Although Holodomor has taken away from 7 to 11 million innocent lives, it
remains barely known to the world. Stalin and the Soviet regime employed
every possible tool in order to make this atrocious crime fall into
oblivion. And yet, as the Gospel says "there is nothing hidden, except that
it should be made known; neither was anything made secret, but that it
should come to light".

The truth about the cold-blooded starving to death of millions of human
beings in the centre of Europe, in the midst of the 20th century has been
revealed, although it is yet to receive a due historical tribute. The pain
and bitter memory of Holodomor are alive in practically every Ukrainian
family, they make our hearts ache and remind us what a monster died when
the Soviet empire fell apart 15 years ago.
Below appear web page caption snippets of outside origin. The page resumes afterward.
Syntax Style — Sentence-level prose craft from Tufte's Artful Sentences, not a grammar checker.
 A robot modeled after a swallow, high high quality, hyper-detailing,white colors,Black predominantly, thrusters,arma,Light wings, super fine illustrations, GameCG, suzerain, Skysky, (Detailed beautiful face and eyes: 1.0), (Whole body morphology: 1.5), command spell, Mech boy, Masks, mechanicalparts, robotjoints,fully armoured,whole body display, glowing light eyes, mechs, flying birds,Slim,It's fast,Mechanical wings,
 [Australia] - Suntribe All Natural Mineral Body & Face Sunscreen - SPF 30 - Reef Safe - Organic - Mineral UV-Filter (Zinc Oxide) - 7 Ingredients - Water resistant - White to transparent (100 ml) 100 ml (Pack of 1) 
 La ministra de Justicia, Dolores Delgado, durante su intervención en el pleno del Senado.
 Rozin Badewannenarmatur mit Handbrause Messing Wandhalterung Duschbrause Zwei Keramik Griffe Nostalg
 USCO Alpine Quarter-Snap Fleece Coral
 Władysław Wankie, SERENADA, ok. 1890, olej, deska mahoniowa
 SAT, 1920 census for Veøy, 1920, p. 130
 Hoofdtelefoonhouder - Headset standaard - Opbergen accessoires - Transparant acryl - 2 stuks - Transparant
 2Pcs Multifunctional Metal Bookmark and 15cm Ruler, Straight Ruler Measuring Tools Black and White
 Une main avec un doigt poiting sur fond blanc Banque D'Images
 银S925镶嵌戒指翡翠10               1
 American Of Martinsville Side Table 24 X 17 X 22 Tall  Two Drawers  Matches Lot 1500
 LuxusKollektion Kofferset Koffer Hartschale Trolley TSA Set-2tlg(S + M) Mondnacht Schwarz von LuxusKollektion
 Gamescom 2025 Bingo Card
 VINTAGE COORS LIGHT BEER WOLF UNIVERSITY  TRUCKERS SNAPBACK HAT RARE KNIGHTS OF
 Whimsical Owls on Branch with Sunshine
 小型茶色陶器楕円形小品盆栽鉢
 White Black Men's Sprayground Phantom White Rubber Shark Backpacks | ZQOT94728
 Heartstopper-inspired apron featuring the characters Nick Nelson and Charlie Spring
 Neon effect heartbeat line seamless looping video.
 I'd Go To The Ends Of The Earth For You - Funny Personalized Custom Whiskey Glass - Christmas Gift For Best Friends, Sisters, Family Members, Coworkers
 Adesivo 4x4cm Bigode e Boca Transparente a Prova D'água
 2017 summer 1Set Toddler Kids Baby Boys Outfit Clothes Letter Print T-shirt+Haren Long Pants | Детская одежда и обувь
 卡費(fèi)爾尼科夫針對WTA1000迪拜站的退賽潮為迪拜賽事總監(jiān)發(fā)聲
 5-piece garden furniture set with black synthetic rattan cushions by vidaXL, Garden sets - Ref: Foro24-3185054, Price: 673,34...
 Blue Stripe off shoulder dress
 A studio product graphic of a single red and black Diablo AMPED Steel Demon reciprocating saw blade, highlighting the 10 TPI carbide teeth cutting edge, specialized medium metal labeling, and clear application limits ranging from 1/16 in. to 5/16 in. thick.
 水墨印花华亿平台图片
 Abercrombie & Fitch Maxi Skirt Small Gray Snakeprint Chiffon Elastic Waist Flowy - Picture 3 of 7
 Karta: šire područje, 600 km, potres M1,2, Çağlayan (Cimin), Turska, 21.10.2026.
There is at least one thing that has been always well known about Ukraine:
its richness in agricultural resources that earned it the name of the "bread
basket of Europe". In early 1930s Ukraine was still largely an agricultural
country. It was inhabited by hard working, peaceful and diligent people.

The state forced them into so-called kolhospy, collective farms where they
toiled to satisfy the agricultural appetites of the Soviet regime. They were
natural born farmers deprived of earth and instruments of production.

Yet, even after 15 years of the communist rule they still knew how to grow
wheat, breed cattle, plow their fertile land. Respect to private property
and independent spirit were in their blood. This was their crime in the eyes
of the tyrant who ruled the country. This was the reason why Ukraine and
its people were considered dangerous by Stalin and his henchmen.

I shall be honored to provide you with some background information to
explain what a horrible tragedy occurred in my country 73 years ago and why
it deserves to be commemorated in the capital of the US. In my testimony I
will rely upon the book "Harvest of Sorrow" by British historian Robert
Conquest, works of the British researcher James E. Mace, Canadian scholar
Roman Serbyn and British journalist Askold Krushelnycky.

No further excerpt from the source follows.